Getting South African Airways into fit-for-purpose shape would mean getting rid of its international business.

This is the view of a reliable source with inside knowledge of the operations and financial situation at the cash-strapped state-owned airline, which is currently in business rescue.

"SAA should be configured to focus on domestic and regional business and without the international business," said the source, whose identity is known to Fin24, but who requested to remain anonymous due to the sensitive nature of the business rescue process.

"The international business must be where SAA is losing a lot of money, due to market competition and poor aircraft utilisation. When SAA flies into London, for example, it flies overnight and lands at 06:00 in the morning the next day.
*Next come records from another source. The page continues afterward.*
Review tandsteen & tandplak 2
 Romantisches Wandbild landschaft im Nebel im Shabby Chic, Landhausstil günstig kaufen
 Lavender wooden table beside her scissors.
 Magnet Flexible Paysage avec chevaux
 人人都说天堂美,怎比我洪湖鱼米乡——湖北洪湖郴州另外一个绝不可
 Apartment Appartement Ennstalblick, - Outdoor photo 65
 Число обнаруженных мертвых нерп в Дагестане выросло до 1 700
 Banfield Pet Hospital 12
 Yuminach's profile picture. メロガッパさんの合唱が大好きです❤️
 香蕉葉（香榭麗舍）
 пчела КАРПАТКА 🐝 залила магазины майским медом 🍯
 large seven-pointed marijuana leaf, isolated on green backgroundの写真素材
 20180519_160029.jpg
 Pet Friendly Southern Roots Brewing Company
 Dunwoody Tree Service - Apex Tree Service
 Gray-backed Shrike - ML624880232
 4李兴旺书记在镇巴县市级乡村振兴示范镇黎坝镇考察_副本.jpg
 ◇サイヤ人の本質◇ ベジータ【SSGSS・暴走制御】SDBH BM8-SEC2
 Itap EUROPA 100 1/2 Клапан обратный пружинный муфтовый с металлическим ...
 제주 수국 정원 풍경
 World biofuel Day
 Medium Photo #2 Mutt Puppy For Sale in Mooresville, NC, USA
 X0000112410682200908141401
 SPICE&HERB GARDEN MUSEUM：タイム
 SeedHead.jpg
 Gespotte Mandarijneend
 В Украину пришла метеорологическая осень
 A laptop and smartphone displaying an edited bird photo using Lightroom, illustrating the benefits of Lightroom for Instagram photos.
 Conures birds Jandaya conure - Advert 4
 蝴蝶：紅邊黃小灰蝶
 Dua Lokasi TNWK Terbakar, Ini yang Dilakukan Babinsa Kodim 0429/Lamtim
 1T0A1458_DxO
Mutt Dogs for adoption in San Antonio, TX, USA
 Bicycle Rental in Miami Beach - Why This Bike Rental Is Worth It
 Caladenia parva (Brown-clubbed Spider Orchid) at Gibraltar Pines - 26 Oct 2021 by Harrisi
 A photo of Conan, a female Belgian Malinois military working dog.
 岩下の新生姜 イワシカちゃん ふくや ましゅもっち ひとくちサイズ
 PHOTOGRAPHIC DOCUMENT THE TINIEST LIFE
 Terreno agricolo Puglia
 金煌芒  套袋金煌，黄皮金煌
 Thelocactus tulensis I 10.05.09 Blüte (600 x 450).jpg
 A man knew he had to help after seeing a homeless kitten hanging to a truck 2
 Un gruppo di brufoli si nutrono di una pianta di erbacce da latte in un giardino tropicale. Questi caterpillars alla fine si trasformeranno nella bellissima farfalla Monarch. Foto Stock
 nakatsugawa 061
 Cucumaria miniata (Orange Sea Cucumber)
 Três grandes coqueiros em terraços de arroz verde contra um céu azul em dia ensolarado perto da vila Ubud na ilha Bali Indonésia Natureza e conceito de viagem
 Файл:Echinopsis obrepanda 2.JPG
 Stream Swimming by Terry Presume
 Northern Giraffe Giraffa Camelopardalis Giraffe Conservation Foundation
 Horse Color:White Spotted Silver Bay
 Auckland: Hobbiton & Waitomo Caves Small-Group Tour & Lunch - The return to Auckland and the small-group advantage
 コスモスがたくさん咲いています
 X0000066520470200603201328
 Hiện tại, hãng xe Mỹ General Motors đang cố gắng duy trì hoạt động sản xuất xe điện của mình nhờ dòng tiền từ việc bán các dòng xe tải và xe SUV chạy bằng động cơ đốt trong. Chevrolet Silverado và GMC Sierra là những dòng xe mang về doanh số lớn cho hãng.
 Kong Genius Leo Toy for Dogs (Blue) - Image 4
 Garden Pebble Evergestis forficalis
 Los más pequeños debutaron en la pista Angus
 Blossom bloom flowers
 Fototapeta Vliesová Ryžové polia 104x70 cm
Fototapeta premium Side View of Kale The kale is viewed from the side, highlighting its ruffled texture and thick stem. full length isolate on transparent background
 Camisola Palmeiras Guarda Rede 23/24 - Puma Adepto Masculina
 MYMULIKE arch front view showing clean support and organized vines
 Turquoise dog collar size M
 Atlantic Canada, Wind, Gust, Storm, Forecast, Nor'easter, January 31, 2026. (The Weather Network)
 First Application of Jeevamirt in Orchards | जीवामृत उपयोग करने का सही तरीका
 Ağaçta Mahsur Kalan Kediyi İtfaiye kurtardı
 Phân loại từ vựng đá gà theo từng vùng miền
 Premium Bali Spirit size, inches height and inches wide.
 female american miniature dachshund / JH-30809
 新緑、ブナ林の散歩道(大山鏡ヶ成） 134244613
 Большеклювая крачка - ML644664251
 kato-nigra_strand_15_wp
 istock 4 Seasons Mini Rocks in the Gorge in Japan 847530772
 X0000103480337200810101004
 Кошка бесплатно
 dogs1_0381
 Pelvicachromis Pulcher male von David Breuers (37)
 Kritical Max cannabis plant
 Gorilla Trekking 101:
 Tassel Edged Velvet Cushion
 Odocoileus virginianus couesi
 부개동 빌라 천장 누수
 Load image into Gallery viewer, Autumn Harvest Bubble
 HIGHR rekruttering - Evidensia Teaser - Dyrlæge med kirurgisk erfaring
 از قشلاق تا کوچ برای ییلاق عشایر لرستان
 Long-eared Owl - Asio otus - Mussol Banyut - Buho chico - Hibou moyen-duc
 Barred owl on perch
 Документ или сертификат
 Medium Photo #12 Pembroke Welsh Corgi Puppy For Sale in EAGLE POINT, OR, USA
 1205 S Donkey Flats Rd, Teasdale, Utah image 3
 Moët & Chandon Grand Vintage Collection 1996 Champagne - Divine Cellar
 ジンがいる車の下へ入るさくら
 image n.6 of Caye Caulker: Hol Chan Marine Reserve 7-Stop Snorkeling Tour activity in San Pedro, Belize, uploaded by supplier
The aircraft stays on the ground for eleven hours before it can fly back to Johannesburg."

Part of the challenge leading to this inefficiency is the location of Johannesburg on the world map, making it complex to run a profitable long-haul international business for the airline, in the view of the source.

In their view, the logical step should be to get rid of the international business choose a partner who will use SAA traffic rights to feed and de-feed traffic into SAA domestic and regional networks. This is the model used in the Comair and British airways partnership in South Africa, for example.

Another example is the Australian airline Qantas, which, when faced by similar challenges in the past "gave" their international business to Emirates through a commercial joint venture. This allowed Qantas time to focus on its domestic and regional business.

"Experts in the industry have said that it is hard to think that an SAA modelled along the Comair type structure and commercial model, free of government interference and operating outside the Public Finance Management Act (PFMA), would not succeed," said the source.

Cash-strapped

Although the business rescue practitioners still have time before they have to present their official plan for South African Airways' future, question marks remain whether it can be saved or whether it faces imminent winding down.

The source explains that, during this phase of the business rescue process, before a formal business rescue plan is presented, the airline faces a number of challenges. These include the fact that some travel insurance companies pulled out of insuring SAA tickets and some global booking agents are not selling the airlines' tickets, especially on a forward booking basis due to uncertainty about the future of the airline.

"When all these things happen, the revenue of the company declines and costs accelerate, leading to an extreme cost-burn situation. Airlines often use the revenue generated from forward bookings to support present day costs. However, once the airline is placed under business rescue, it can no longer use the cash generated from revenue from 'unflown' tickets - in other words flights which have not yet been undertaken," explains the source.

"This further exacerbates the liquidity challenge for the airline and means the business rescue practitioners are facing a much more challenged business than it was before they took over."

SAA is walking a tightrope at the moment, needing R2bn promised by government in order to continue with operations. The source says he has been informed that it was highly unlikely that government would be able to avail these funds "at short notice", given the need to go through Parliament to appropriate any funds from the fiscus.

In the view of the source, what the SAA board and the business rescue practitioners should have done, is to ask the lenders (banks) to advance a bridge facility of the R2 billion to allow SAA to operate whilst government is going through the necessary process to get the funds approved.